= Torger Baardseth =

Norwegian bookseller and publisher

Torger Baardseth (23 September 1875 - 21 October 1947) was a Norwegian bookseller and publisher.

==Background==
Torger Baardseth was born at Bærum in Akershus county, Norway. His parents were Nils Baardseth (1839–1920) and Gunda Elisa Morris (1855–1926). After middle school examination in 1891, he was an apprentice at P. T.Malling bokhandel in Christiania. In 1899, he traveled to Copenhagen to work at Det nordiske Forlag, one of Scandinavia's leading publishers.

==Career==
In January 1901 he began working at J. W. Cappelens Forlag, one of the oldest publishing houses of Norway. He was the director of Cappelens from 1904 to 1916 and 1919 to 1943. In between, Baardseth had the chance for self-employment when he took over leadership of Steenske Forlag, a small company that dated to 1829. After a half year, he offered to buy the publishing house, and he was able to, with financial help from Jørgen W. Cappelen III. Baardseth continued as chairman of Steenske. Baardseth made it a publishing company with great influence. One of the first major tasks he undertook was a complete release of all works that 19th-century Norwegian writer Henrik Wergeland had written.
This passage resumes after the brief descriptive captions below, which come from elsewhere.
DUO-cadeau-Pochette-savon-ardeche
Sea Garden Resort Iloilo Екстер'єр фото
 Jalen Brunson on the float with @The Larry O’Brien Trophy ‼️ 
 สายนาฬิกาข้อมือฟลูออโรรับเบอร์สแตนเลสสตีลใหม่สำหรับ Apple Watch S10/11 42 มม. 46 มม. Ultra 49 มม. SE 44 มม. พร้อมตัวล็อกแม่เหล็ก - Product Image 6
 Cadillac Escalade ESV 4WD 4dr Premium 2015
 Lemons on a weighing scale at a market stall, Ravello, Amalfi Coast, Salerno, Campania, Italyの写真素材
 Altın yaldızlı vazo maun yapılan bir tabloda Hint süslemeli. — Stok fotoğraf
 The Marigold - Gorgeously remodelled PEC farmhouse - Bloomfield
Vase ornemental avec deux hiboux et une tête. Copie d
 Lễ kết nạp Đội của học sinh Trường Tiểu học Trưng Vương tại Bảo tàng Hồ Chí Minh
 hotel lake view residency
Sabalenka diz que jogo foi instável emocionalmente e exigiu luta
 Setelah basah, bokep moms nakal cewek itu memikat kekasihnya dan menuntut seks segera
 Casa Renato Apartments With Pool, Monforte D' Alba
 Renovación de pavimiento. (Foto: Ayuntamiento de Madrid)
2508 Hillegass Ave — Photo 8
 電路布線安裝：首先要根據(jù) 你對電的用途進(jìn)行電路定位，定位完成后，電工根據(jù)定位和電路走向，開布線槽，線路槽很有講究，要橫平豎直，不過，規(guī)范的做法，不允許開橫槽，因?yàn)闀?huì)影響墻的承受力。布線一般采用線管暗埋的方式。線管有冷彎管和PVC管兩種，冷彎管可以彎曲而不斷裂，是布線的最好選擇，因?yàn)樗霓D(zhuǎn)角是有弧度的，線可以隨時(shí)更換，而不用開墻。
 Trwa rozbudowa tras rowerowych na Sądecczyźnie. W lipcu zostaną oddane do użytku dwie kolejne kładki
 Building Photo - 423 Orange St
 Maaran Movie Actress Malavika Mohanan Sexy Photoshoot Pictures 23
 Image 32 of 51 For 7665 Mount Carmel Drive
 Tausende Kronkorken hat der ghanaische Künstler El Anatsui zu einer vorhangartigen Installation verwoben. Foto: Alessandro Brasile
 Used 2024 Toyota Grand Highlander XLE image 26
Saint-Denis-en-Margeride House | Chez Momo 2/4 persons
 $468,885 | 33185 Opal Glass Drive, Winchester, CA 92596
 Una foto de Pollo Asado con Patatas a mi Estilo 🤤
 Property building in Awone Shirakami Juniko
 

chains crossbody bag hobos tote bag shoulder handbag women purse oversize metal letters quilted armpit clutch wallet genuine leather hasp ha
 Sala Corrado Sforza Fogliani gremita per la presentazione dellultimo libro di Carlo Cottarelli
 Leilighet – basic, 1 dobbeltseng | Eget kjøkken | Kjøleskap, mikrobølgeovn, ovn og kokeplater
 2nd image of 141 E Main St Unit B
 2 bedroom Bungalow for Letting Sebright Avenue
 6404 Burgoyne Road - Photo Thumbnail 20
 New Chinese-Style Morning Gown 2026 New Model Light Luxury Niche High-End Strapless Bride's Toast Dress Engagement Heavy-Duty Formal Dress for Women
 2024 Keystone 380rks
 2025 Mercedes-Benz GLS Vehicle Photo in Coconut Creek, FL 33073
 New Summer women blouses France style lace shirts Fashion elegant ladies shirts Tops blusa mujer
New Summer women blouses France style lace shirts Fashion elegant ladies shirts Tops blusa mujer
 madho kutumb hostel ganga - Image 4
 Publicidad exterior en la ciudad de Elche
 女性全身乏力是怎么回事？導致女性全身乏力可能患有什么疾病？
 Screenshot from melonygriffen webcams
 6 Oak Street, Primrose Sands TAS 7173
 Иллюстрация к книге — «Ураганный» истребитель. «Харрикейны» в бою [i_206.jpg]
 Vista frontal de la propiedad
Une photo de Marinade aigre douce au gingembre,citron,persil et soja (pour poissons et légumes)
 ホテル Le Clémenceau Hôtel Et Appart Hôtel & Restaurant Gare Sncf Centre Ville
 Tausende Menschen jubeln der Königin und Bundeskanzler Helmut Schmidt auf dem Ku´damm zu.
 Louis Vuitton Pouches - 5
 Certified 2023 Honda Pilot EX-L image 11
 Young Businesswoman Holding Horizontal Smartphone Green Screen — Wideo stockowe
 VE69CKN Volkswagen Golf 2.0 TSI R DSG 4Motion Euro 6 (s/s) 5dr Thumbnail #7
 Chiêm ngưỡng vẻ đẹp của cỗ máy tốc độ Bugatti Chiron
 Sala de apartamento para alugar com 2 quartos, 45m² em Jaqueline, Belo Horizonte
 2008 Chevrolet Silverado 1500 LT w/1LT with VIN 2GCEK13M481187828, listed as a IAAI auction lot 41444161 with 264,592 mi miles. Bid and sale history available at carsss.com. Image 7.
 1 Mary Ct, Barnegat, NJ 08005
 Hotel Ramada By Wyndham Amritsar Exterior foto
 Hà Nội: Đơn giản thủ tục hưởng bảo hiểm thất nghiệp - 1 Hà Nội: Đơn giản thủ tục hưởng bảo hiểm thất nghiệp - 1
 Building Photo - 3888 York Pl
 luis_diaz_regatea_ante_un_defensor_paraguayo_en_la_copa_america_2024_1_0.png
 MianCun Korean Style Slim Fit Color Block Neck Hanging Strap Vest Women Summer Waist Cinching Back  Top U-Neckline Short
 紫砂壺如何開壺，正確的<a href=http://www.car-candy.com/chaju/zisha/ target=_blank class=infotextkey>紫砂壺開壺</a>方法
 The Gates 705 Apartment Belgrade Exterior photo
Torger Baardseth was chairman of the Norwegian Booksellers Association from 1902 to 1916, Assistant (with brief interruptions) in the Norwegian Publishers Association 1922-24 and 1929–36, chairman of the Norwegian Pension Fund and Bookstores Savings Bank from 1916 and the Norwegian Booksellers Association 1936-39. In many fields, he took up the fight to improve conditions of workers, from education and scholarship schemes to salary and pension. A central issue for many years was the worker's right to establish themselves as independent bookstores.